▶ EXERCISE INSTRUCTIONS:
For the records below, please print exactly and only the lines from the one with "Come enjoy our" down to the one with "Apartamentos en venta", both ends included, omitting the pictures.

BEGIN DATA LISTING

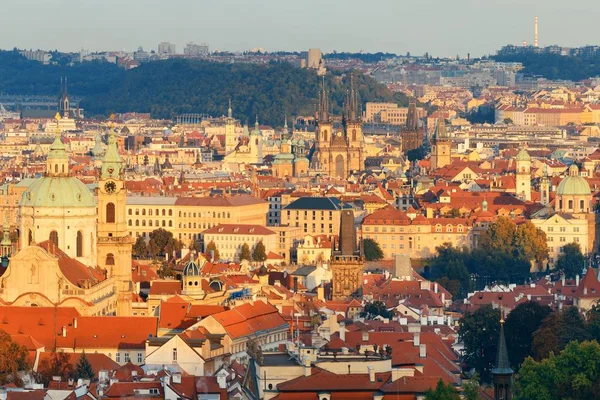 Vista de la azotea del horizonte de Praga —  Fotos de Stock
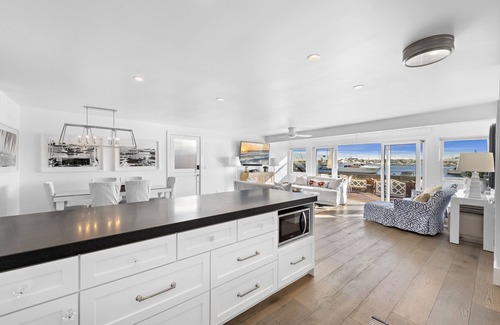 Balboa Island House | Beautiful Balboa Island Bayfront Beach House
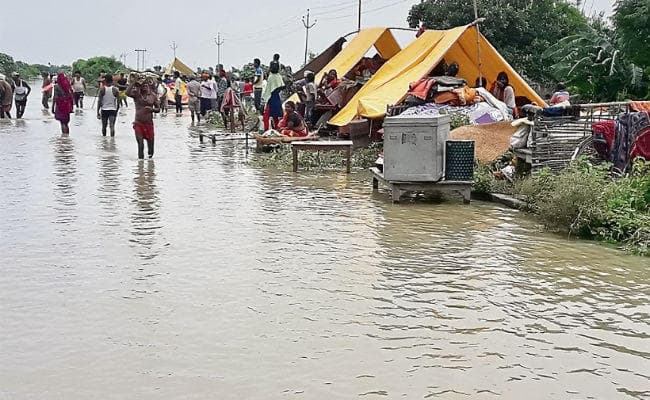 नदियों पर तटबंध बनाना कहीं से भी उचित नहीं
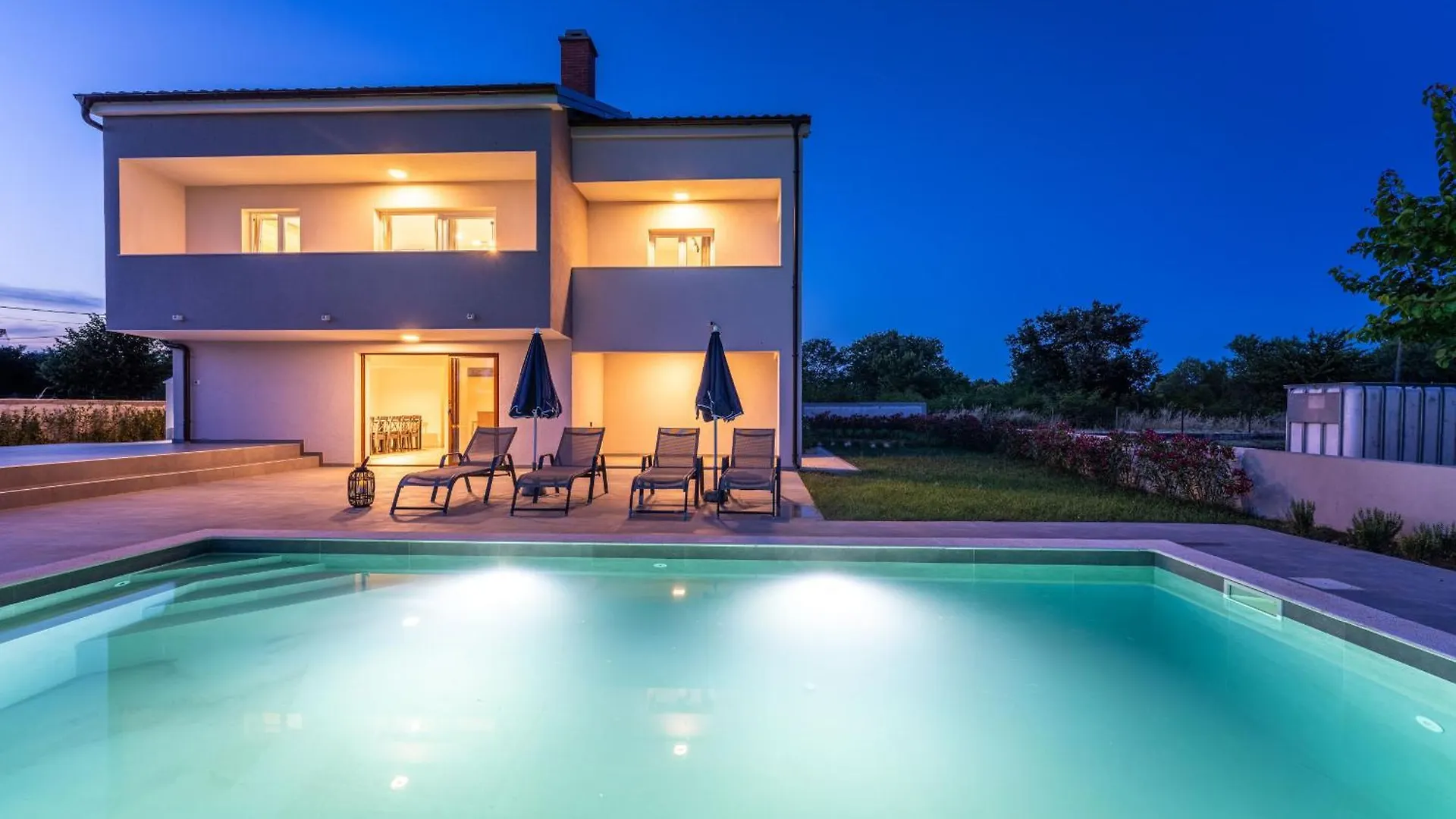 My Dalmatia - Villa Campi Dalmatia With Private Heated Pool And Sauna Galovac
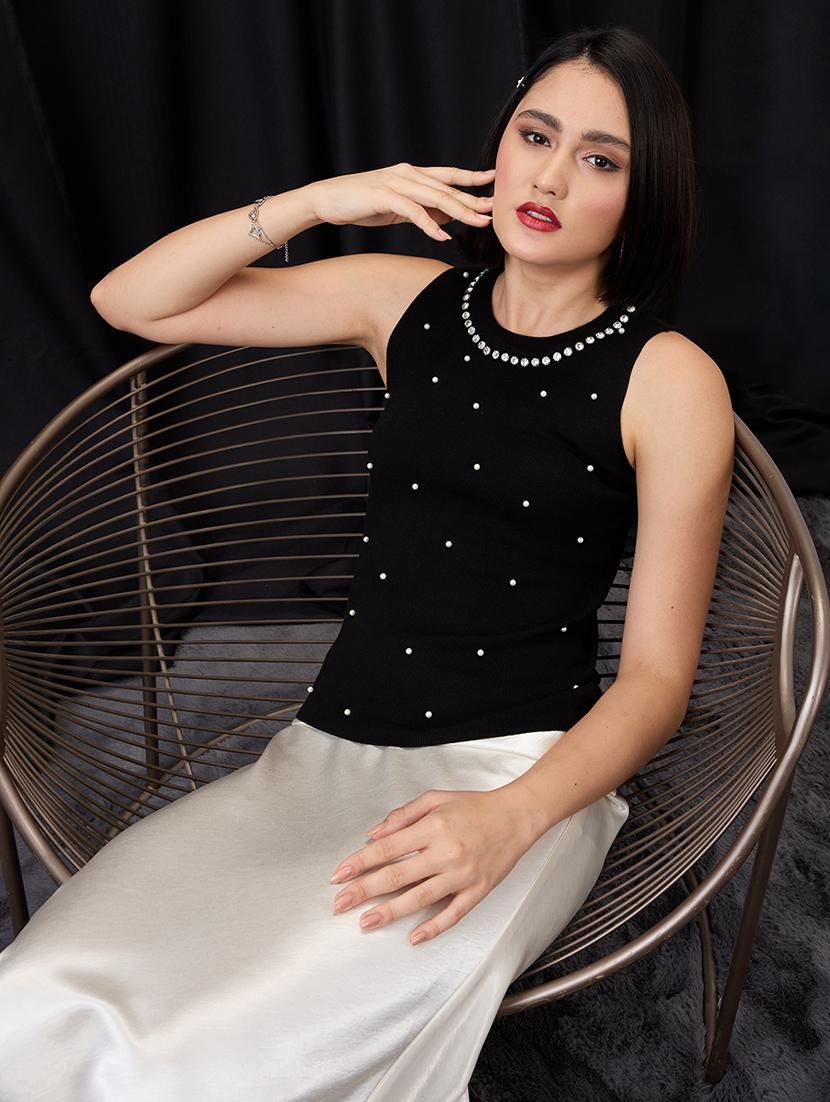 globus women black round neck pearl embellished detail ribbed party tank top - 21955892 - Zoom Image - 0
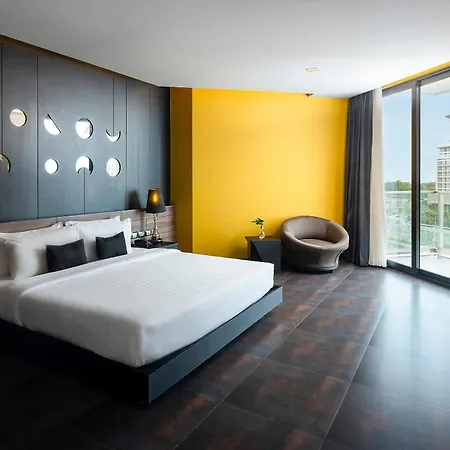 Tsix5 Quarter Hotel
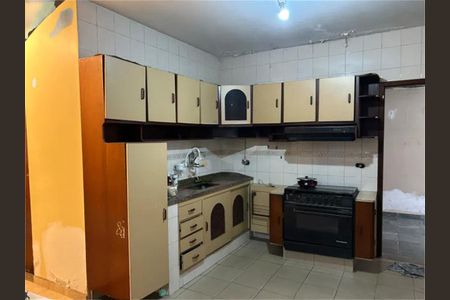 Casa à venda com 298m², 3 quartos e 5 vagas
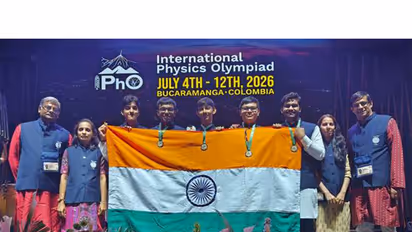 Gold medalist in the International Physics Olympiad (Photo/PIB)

END DATA LISTING
BEGIN DATA LISTING

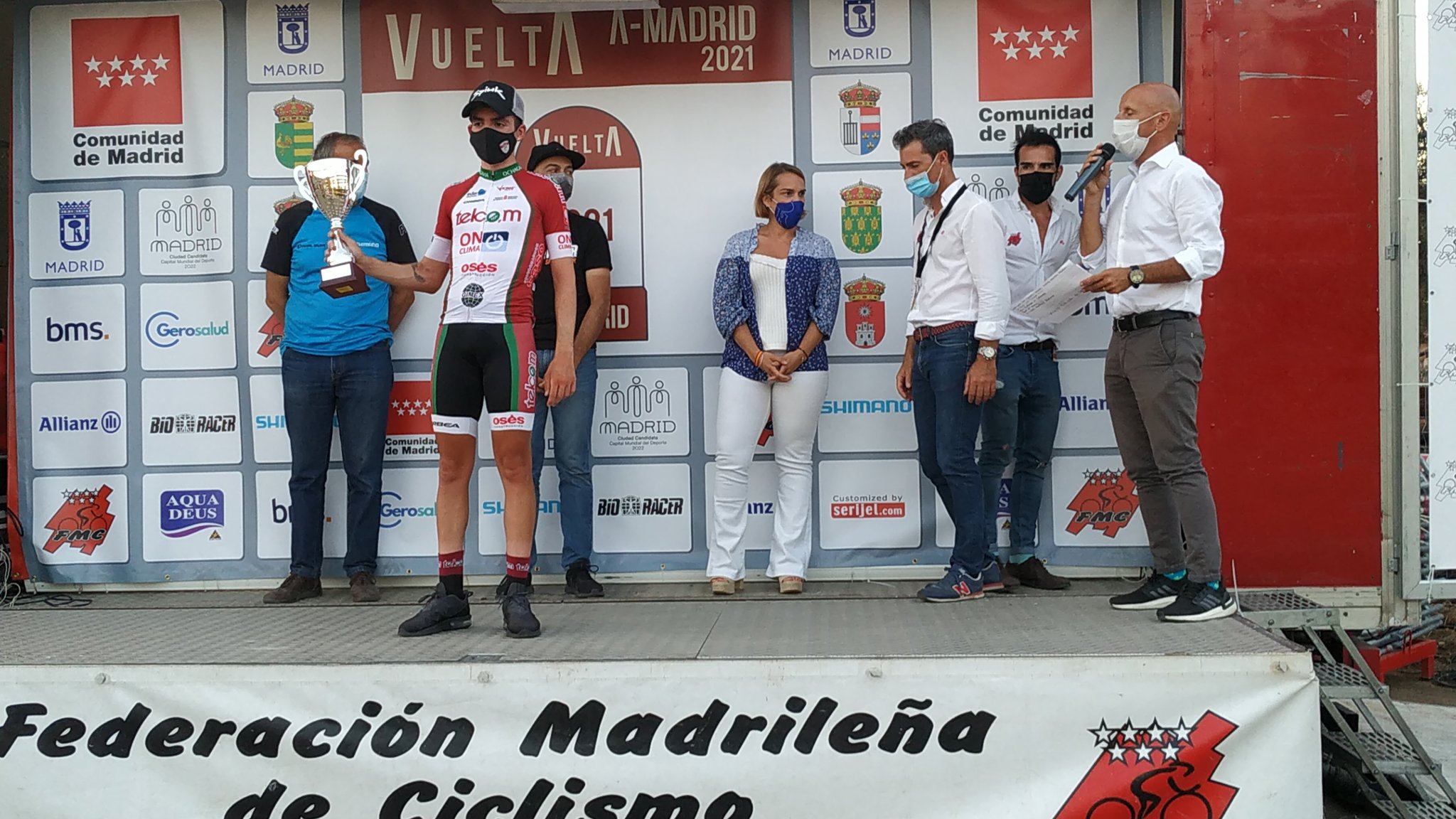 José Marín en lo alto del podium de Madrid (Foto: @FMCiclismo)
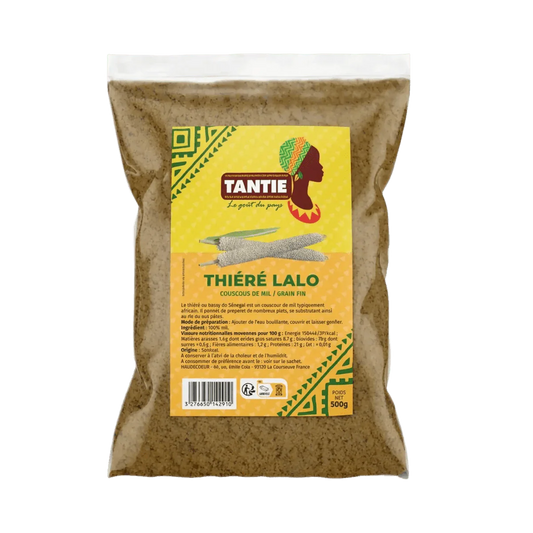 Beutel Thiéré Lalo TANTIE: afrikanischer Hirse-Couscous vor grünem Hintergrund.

END DATA LISTING
BEGIN DATA LISTING

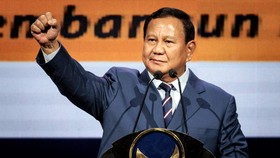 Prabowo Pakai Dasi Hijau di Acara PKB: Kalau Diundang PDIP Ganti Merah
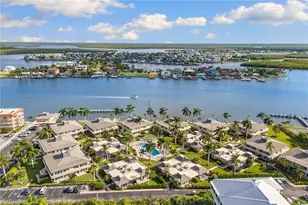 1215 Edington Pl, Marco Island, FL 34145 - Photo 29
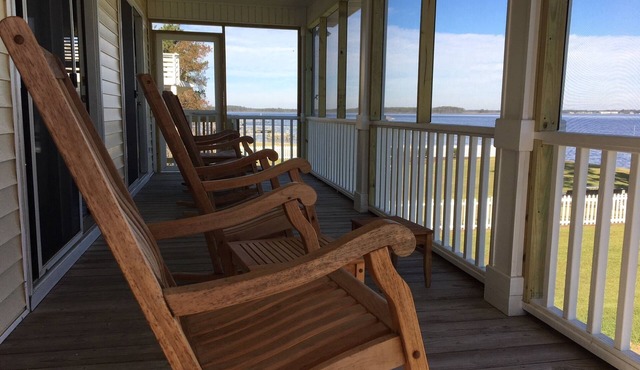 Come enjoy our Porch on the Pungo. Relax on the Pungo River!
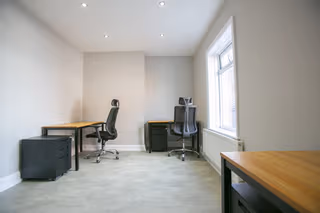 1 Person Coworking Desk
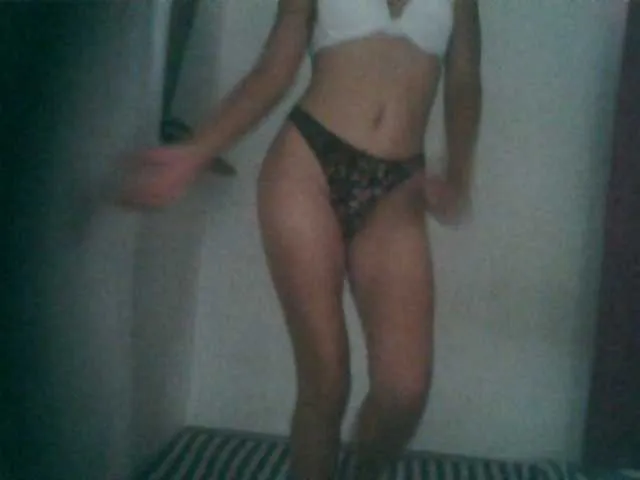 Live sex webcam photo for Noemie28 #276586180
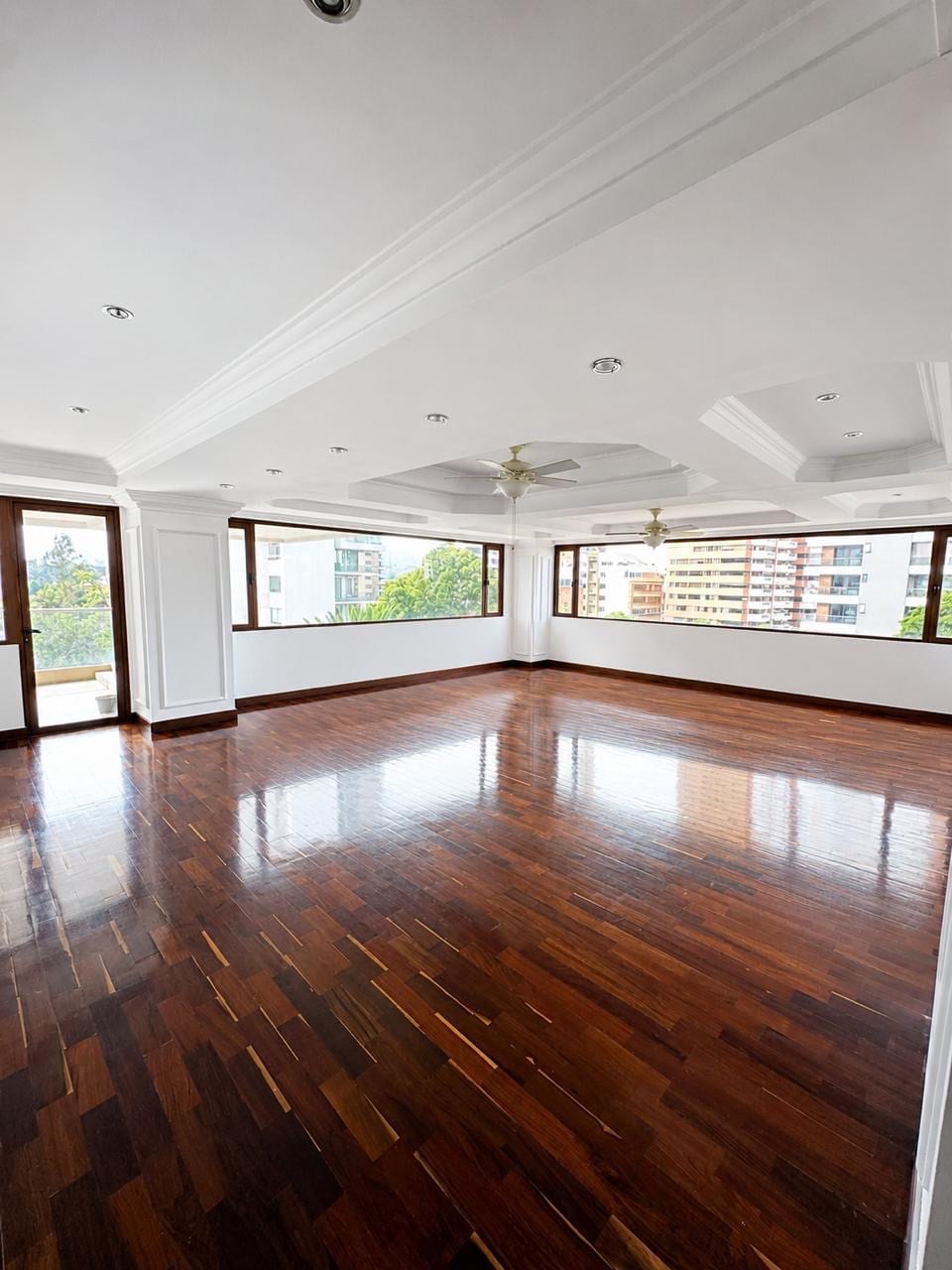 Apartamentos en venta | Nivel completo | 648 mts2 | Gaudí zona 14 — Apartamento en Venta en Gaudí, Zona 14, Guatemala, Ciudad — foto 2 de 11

END DATA LISTING

▶ EXERCISE ANSWER:
 Come enjoy our Porch on the Pungo. Relax on the Pungo River!
 1 Person Coworking Desk
 Live sex webcam photo for Noemie28 #276586180
 Apartamentos en venta | Nivel completo | 648 mts2 | Gaudí zona 14 — Apartamento en Venta en Gaudí, Zona 14, Guatemala, Ciudad — foto 2 de 11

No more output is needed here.